HABER MERKEZİ –
Önder Apo’nun çözümlemelerinden …..
– Savaş, sadece düşmana karşı kurşun sıkmakla olmaz, PKK’nin ölçülerine ulaşmak da bir savaştır. Bu hem kendimizle, hem de çevremizle savaşarak ölçülere ulaşmak demektir. PKK, bu konuda hem öğretiyor, hem de buna öncülük ediyor, gelişmelerini bu şekilde yaratıyor. Sizlere bütün bunları açıklıkla anlatmamızdaki amacımız, mücadele hatası yapmamanızdır. Çoğu arkadaş basmakalıpçı yaklaşımları kendisine yakıştırmakta ustadır. Böylesi durumlara düşmemek için sizleri şimdiden uyarıyoruz. Niyetleriniz iyidir, bu doğrultuda gençliğinizi de veriyorsunuz. Buna layık olmanız için PKK’lileşmeyi doğru gerçekleştireceksiniz. Bizim de sizlere ısrarla dayattığımız, yürüttüğümüz PKK’lilik budur. Kendinizi hiçbir şekilde bize dayatamazsınız. Sizinle hayatınız boyunca uğraşılacaktır. Bunun dışındaki yol ve yöntemleri kabul etmeyiz ve bunu anlamayız. Gelişmeler bizde böyle yaratılıyor.
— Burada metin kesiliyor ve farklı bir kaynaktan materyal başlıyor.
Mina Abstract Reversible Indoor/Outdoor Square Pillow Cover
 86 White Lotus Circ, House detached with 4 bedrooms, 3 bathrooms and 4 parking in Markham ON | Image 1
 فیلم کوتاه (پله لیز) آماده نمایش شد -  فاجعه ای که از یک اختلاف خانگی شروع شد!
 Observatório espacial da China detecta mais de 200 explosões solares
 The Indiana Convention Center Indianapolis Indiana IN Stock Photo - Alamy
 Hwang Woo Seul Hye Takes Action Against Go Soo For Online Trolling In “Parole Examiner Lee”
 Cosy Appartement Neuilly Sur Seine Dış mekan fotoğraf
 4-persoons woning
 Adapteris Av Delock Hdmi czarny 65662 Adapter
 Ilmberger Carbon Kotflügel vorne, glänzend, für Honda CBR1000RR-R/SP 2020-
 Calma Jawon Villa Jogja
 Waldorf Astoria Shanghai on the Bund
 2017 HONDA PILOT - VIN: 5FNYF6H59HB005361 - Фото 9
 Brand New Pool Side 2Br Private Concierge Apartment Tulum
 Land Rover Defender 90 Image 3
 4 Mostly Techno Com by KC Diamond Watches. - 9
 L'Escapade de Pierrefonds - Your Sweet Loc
Parti ortamında yenilgili insan kalamaz. Kaldı ki insan isterse bir atom bombası kadar güçlenebilir. Bizim insanlık anlayışımız böyledir ve kesinlikle zavallı insan türünü kabul etmiyoruz. Militan, PKK’de somutlaşan inanılmaz direnişçiliğe ulaşabilendir. PKK’de kanıtlanan en zor koşullarda bile gelişmeyi bilendir. Madem ki bu ortama gelinmiş, o halde en iyi şekilde, bu ölçülere sahip çıkmayı bilmelisiniz. Partileşme olayı böyledir. Değerli okulumuzun, değerli eğitim adayları için bu kadar açık konuşuyoruz ki, bizi bilmeyenlerin tanıması, anlaması ve gerçekliğe kavuşması doğru gerçekleşebilsin. Yaptığımız tüm konuşmalar, birbirimizi anlamamız içindir. Aynı şekilde gerçekleştirilen Önderlik olayında kendini konuşturma söz konusu değildir. Biz bu kadar rahat konuşurken, aynı zamanda disiplin ve otoriteyi yaşatmaya çalışıyoruz. Her gün hepiniz “Önderliğe bağlıyız, yolunda yürümeye kararlıyız” diyerek övgüler diziyorsunuz, bunu sloganlaştırıyorsunuz. Hayır, bunlar ne sloganla, ne de fedailik anlayışıyla yerine getirilebilir. Her şeyden önce disiplin, örgüt yapısına, militan ölçülerine ve çalışma tarzına ulaşılarak gerekleri yerine getirilebilir.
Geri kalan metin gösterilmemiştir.